BA: Surdos fazem Sarau com tradução para ouvintes
O que você faria se acordasse um dia e não conseguisse se comunicar com a sua família, seus amigos, seus colegas de trabalho? Imaginou a situação? Isso é só uma amostra das dificuldades que os surdos enfrentam diariamente, apenas para realizar as tarefas mais simples de seu cotidiano.
Nós, ouvintes, temos a tendência de simplesmente ignorar a presença dos surdos no nosso país. Closed caption? Aquela pessoa num quadro pequeninho, fazendo gestos enquanto algum político fala na TV? Esse estranhamento tolerante é o mais próximo que conseguimos chegar do universo silencioso dos nossos compatriotas, que nem mesmo são poucos.
Embora pouco menos de 170 mil brasileiros se declarem surdos, segundo o IBGE 5,7 milhões de pessoas apresentam algum grau de deficiência auditiva no país. É toda uma Dinamarca de surdos. Ainda assim, são rotineiramente ignorados pelas políticas públicas e pelo restante da sociedade.

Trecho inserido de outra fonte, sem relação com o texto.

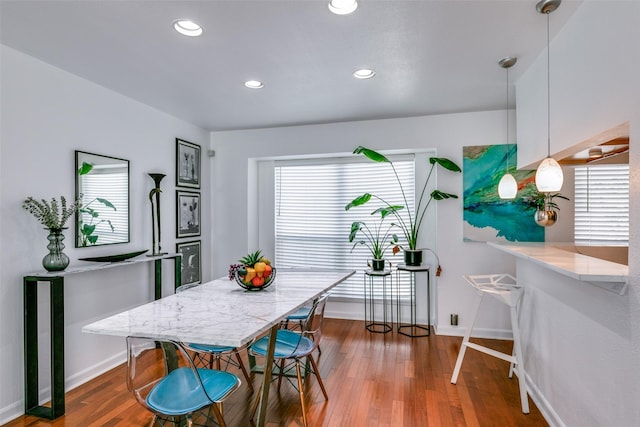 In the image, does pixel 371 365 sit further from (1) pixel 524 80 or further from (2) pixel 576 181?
(1) pixel 524 80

Como de costume, os melhores exemplos de tolerância e inclusão vêem de quem sofre o preconceito.
Participei, no último domingo (22/11), do I Sarau Sinalizado, uma iniciativa do Centro de Estudos Culturais Linguísticos Surdos (CECLIS) para divulgar a cultura surda que aconteceu no teatro da Biblioteca Infantil Monteiro Lobato, em Salvador.
Intérpretes a postos, há sempre uma tradução acontecendo. Seja ela do português falado para as libras (linguagem de sinais) ou o caminho inverso.
O mais interessante é que, ainda que exista uma ou outra apresentação falada, os intérpretes estão ali para garantir que os ouvintes entendam o que está sendo dito. Naquele local, naquele breve momento, a ordem das coisas se inverte e quem precisa de ajuda são as pessoas “normais”.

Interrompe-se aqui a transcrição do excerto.